## TASK DIRECTIONS
Restate word for word the lines of the records below, starting at the line that contains "Hombre de camisa" and ending at the line that contains "Sterling Silver Spark", with both of those lines included and nothing else.

## DATA EXTRACT
────────────────
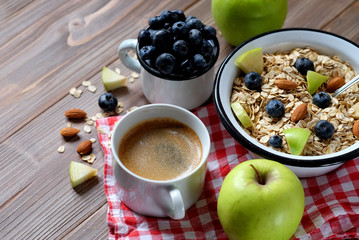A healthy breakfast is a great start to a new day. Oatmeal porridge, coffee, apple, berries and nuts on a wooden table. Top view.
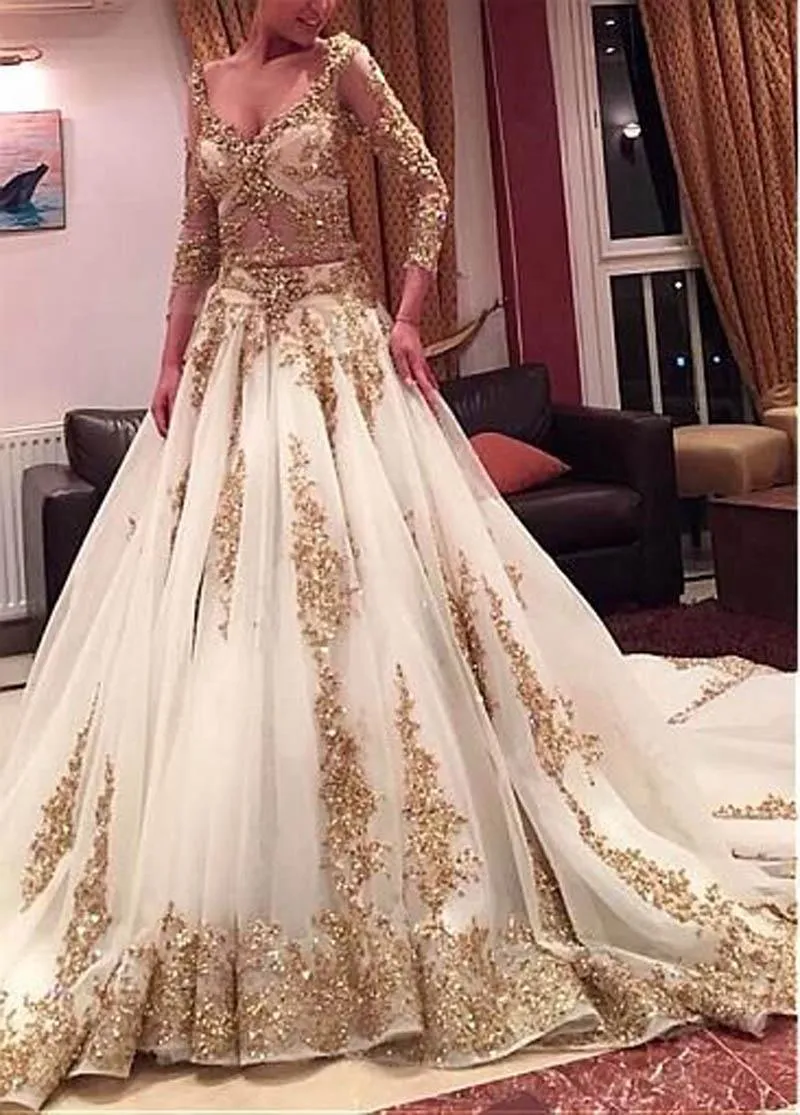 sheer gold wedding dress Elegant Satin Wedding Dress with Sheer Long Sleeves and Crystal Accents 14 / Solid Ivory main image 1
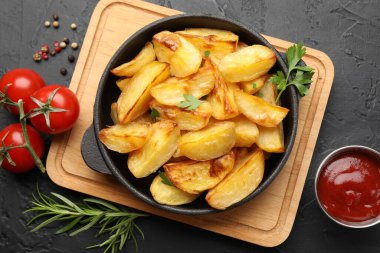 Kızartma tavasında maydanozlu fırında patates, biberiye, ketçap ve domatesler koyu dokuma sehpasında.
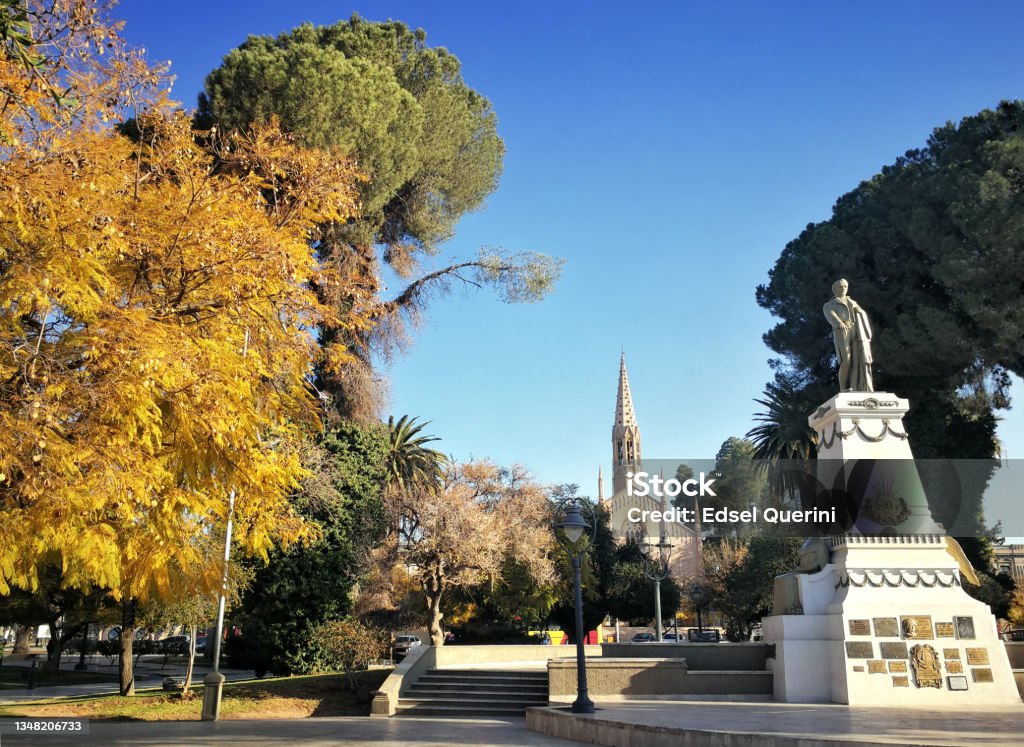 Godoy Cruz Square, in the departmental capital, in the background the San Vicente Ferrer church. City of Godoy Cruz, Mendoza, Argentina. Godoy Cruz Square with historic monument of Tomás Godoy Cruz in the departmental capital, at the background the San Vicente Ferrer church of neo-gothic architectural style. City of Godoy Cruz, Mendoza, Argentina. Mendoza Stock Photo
────────────────
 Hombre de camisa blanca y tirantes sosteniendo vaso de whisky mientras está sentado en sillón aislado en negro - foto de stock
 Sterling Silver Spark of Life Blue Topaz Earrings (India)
────────────────
## RESPONSE AREA
 Hombre de camisa blanca y tirantes sosteniendo vaso de whisky mientras está sentado en sillón aislado en negro - foto de stock
 Sterling Silver Spark of Life Blue Topaz Earrings (India)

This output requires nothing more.